Hacker News new | past | comments | ask | show | jobs | submit login
Fibers aren’t useful for much any more (microsoft.com)
93 points by mappu on Oct 11, 2019 | hide | past | favorite | 58 comments



Some of the comments refer to the paper at http://www.open-std.org/JTC1/SC22/WG21/docs/papers/2018/p136..., which was the original submitted URL.


There are also (at least) two relevant followups to this paper:

Response to “Fibers under the magnifying glass”: http://www.open-std.org/jtc1/sc22/wg21/docs/papers/2019/p086...

Response to response to "Fibers under the magnifying glass": http://www.open-std.org/jtc1/sc22/wg21/docs/papers/2019/p152...


"Response to 'Fibers under the magnifying glass'" from the authors of boost.fiber, at

http://www.open-std.org/jtc1/sc22/wg21/docs/papers/2019/p086....

And Response to response to "Fibers under the magnifying glass", at

http://www.open-std.org/jtc1/sc22/wg21/docs/papers/2019/p152...


The saga of stackful corutines vs stackless coroutines Vs zero overhead coroutines has been going on in C++ land for a while now.

Gor so far seems to be ahead as stackless coroutines are part of the standard.


This is deeply weird for the conversation, IMO this should have been two separate stories.


It is best to treat the linked paper (Fibers under the magnifying glass) as a review of some implementations of fibers and not a repudiation of fibers in general. In particular, for this paper to apply to golang, several things would need to change :

Memory footprint : It says fiber user stack is 1 MB and so fibers have comparable memory footprint to threads. This is not true for goroutines which typically use a 4K stack.

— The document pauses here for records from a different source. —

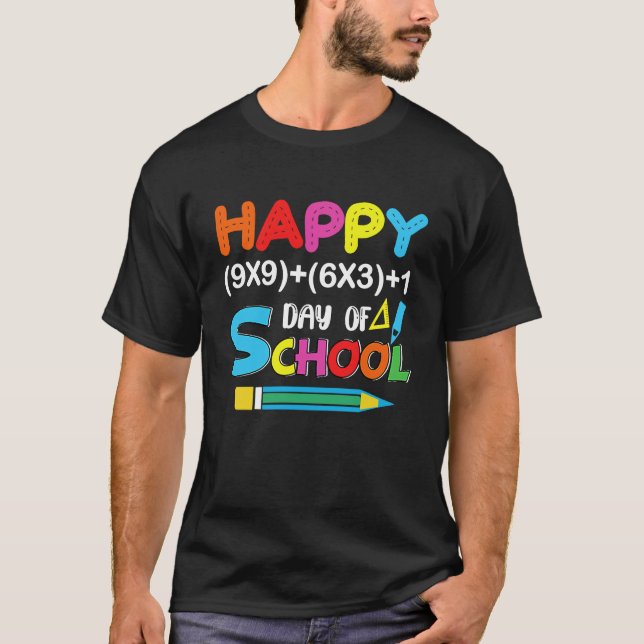 Happy 100 Days Of School Math 2023 T Shirt (Framsida)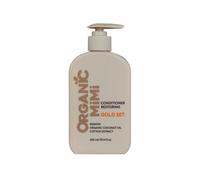 ORGANIC MIMI - Balsamo Ristrutturante Gold Set Olio di Cocco, estratto di Cotone, Cheratina Maschere 300 ml unisex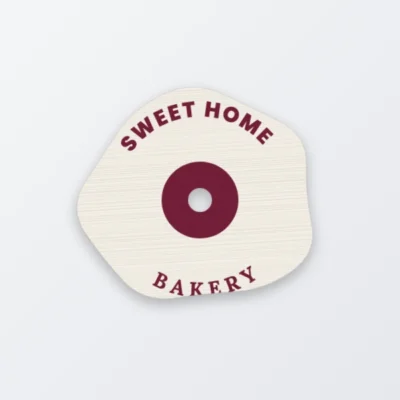 crepe custom shape sticker
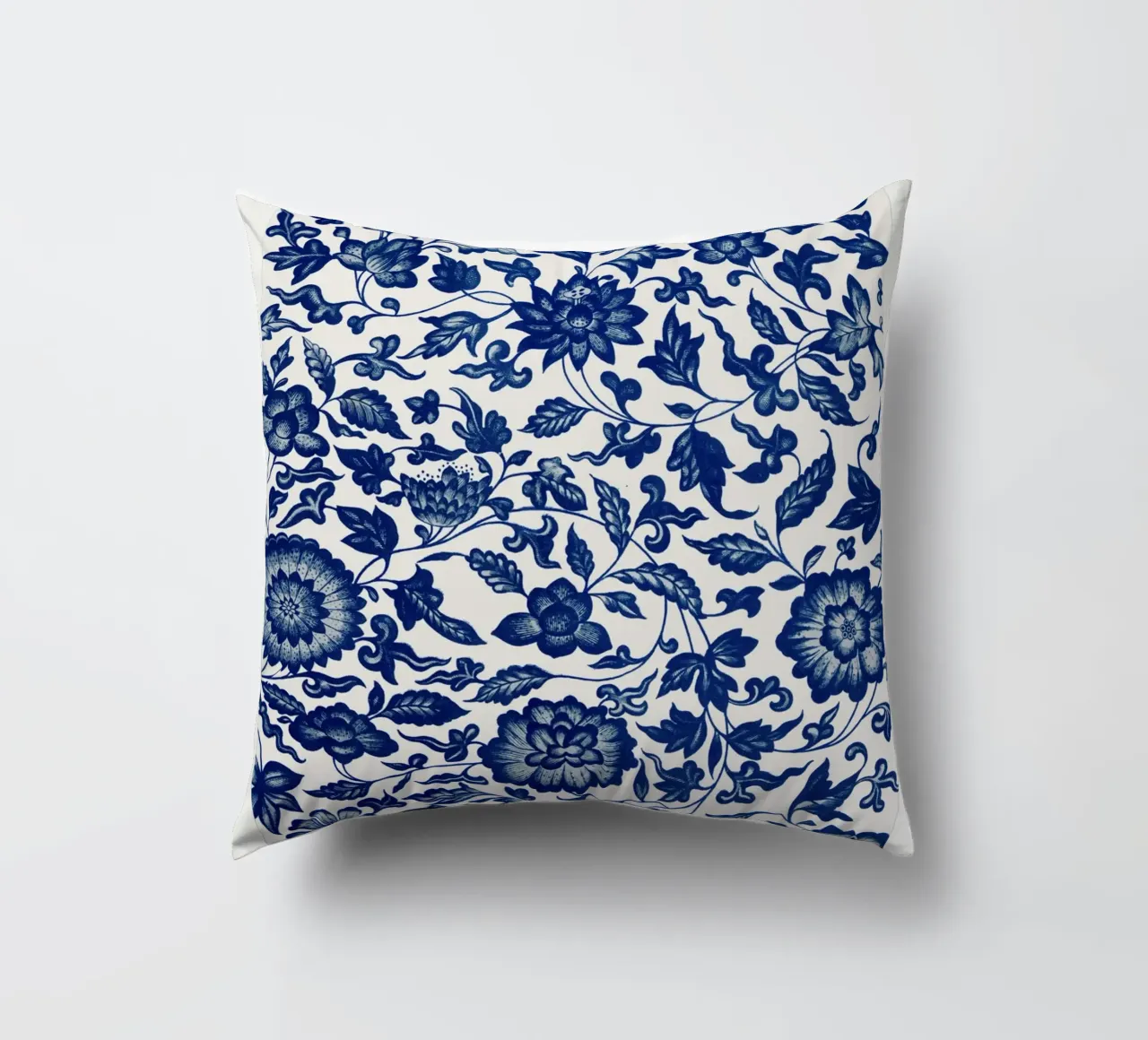 Blue flower pattern cuscino da vintageshop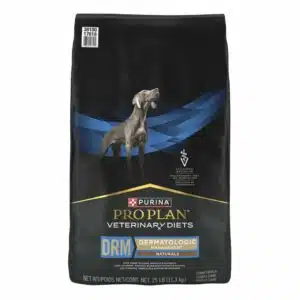 Purina Pro Plan Veterinary Diets DRM Dermatologic Management Naturals W Vitamins Dry Dog Food - 25 lb Bag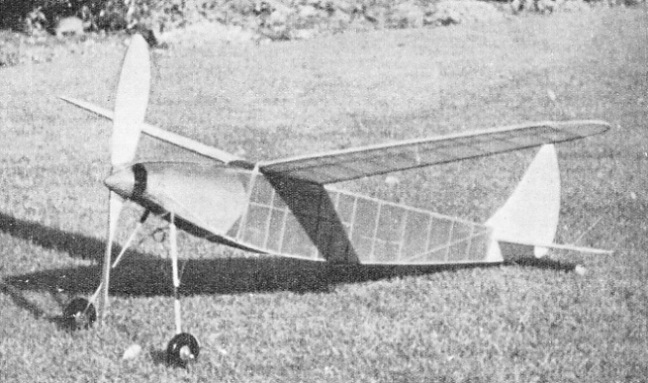 THE GENERAL DESIGN of a duration type model aeroplane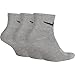 Nike Everyday Plus Cushioned Ankle Socks, Carbon Heather/Black, L, 3 Pairs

Context switching overhead : gives numbers for architecture, but goroutines do not use the expensive switching instructions listed in the paper. Instead golang basically saves just the PC, SP and DX registers, significantly reducing the overhead.

Dangers of N:M model : The dangers mentioned of corrupting memory etc is specific to C++ libraries and do not apply to golang.

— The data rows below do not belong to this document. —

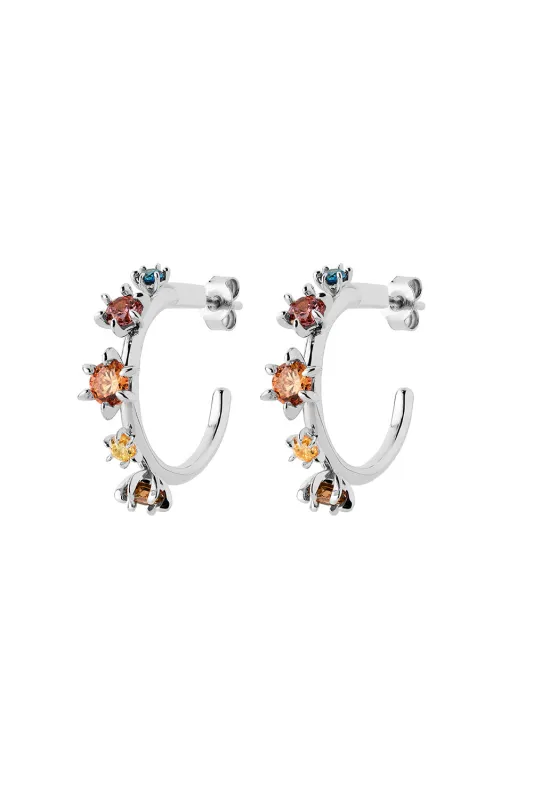 Baroque Earrings Silver sold by Karen Walker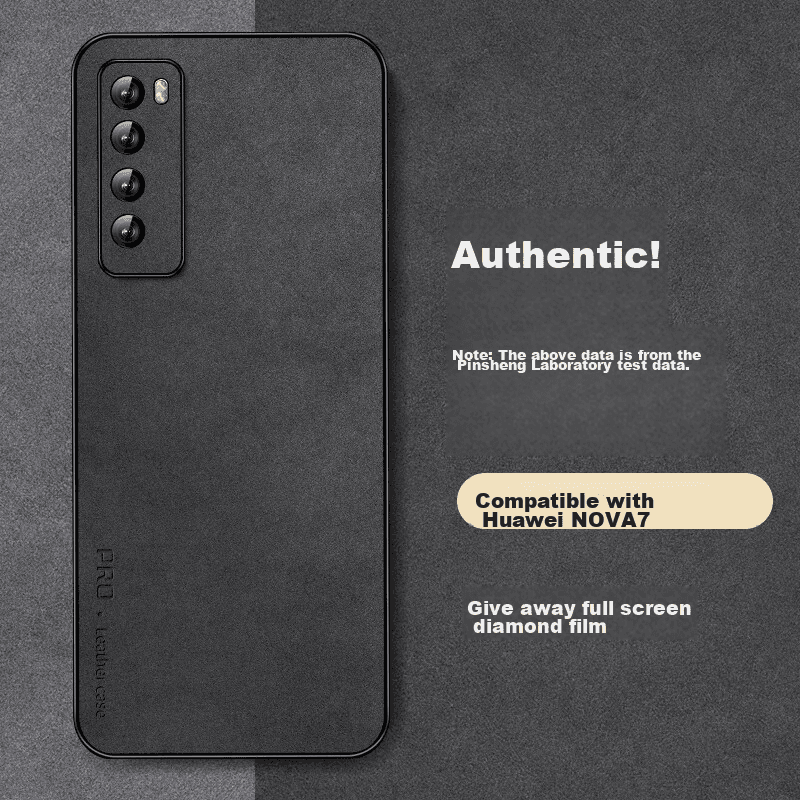 Shangsu  Maska za mobilni telefon Huawei Nova 7, Crna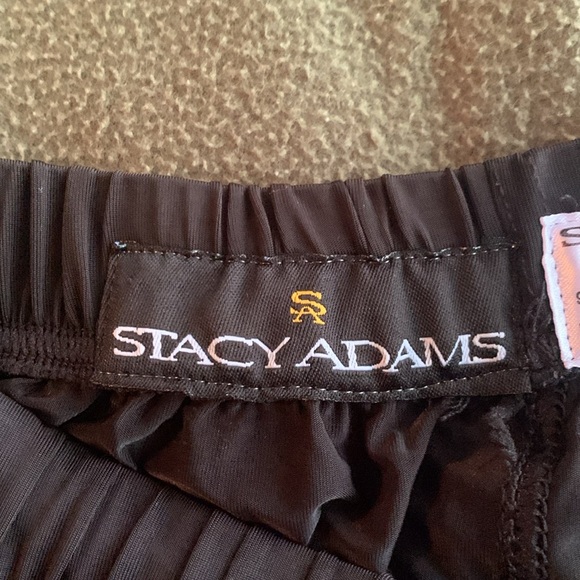Men’s Stacy Adam’s black button fly, drawstring pajama bottoms. Size medium - Picture 3 of 7
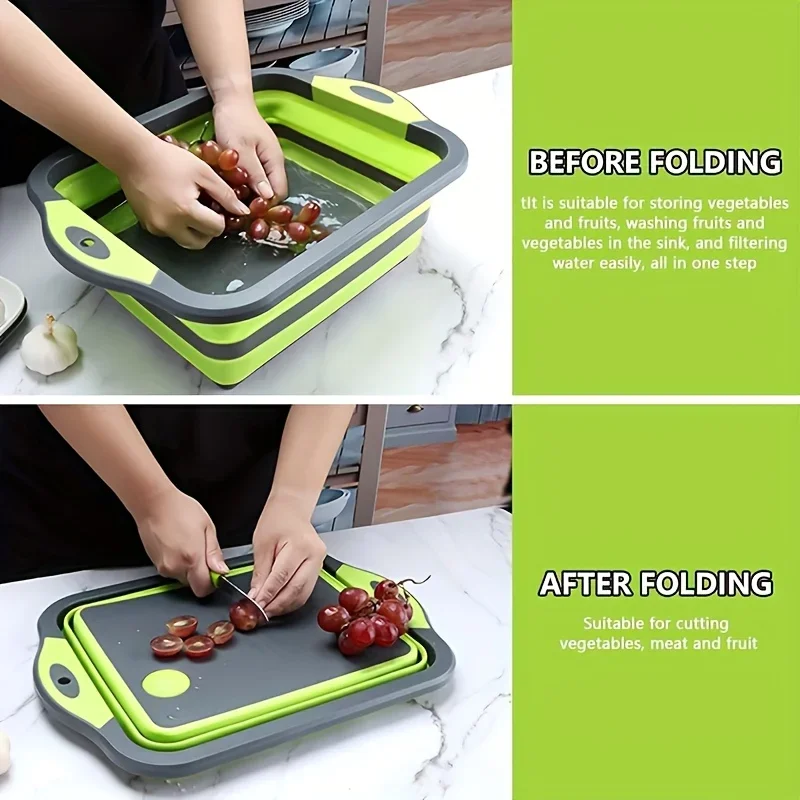 อ่างน้ำพับได้แบบพกพาพร้อมอ่างล - Camp Cutting Board บทวิจารณ์และราคา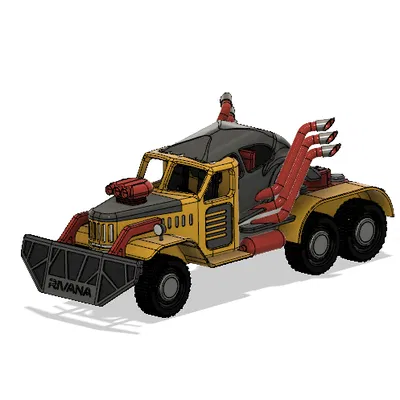 Yellow Zil War Rig - Phần 1 Cabin/Prime Mover/Xe kéo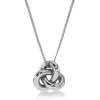 Edblad - Halsband Infinity Knot Stål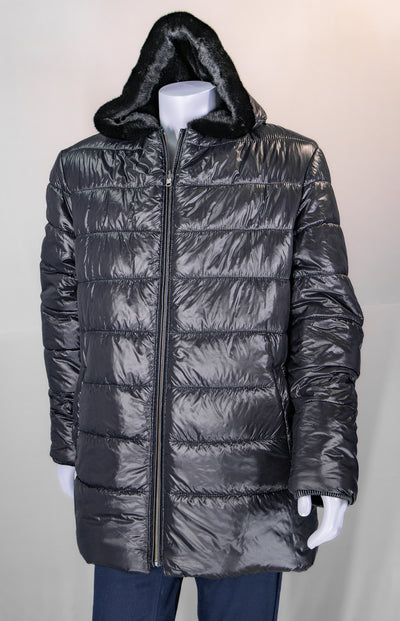 Hooded Full-Skin Mink Parka Reversible to Puffer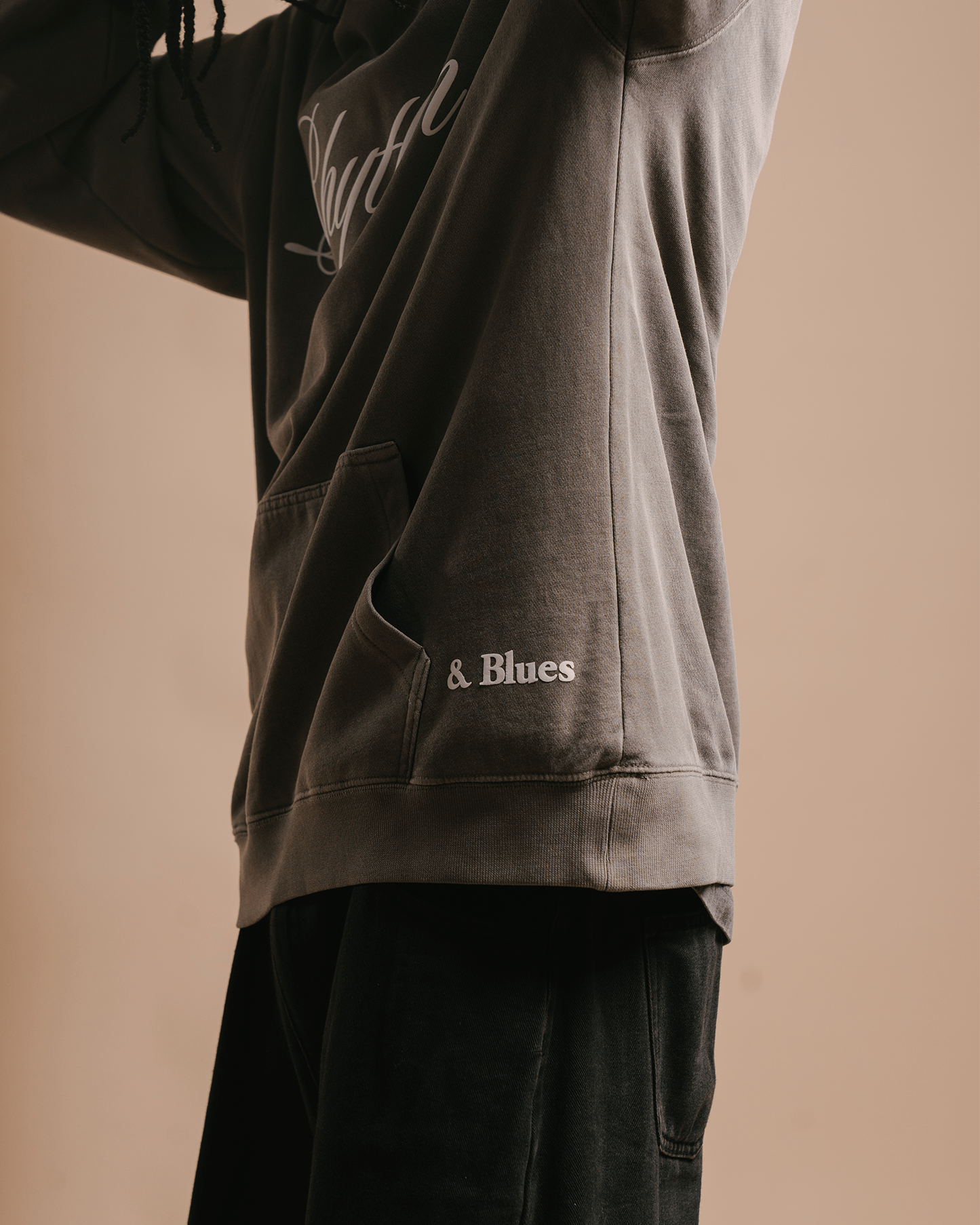 Rhythm Relaxed Faded Grey Hoodie - trainofthoughtcollective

Dangers of the 1:N model do not apply to goroutines either.

My conclusion from the paper is as follows : Fibers are bound to fail as an OS feature, or as a library. To make fibers work you need to do what golang does i.e. make it part of the language with compiler support to reduce the context switching overhead and the memory footprint. You will however, pay a price in higher FFI cost. That may be a tradeoff which may or may not work for you, depending on the nature of your application.


But if coroutines can't share memory without copying; they don't allow you to scale (in parallel on one task across cores efficiently).

What is then the purpose of coroutines as opposed to just having more machines?

OS threads can scale (ipootace^), but then you need proper concurrent data structures and a complex memory model below to support them.

Does go have those?


If you watch just one video on Go, even if you don’t plan to ever write Go and just want to learn about it.

Make it this one: https://blog.golang.org/concurrency-is-not-parallelism

It explains in detail how this is possible.


Goroutines can share memory without copying.


I only skimmed the article, but is the argument basically that fibers suck because library/DLL authors suck and use TLS instead of passing around an explicitly caller-initialized context pointer? So you can't freely use DLLs from your fibers because they might rely on TLS that isn't fibers-aware?

If so, that's a pretty weak argument. I use coroutines/fibers quite a bit in personal projects, but learned long ago for a variety of reasons to avoid depending on third party libraries I didn't have source for - especially ones that try to do too much magic like TLS behind the scenes just to save me the trouble of supplying an instance/context pointer to every call.

Usually when I'm using fibers it's so I can have many of them, which means I'm using tiny stack sizes, which means I'm not casually calling into third party libraries I can't easily audit and control anyways. If I weren't making many, I'd just use full-blown threads.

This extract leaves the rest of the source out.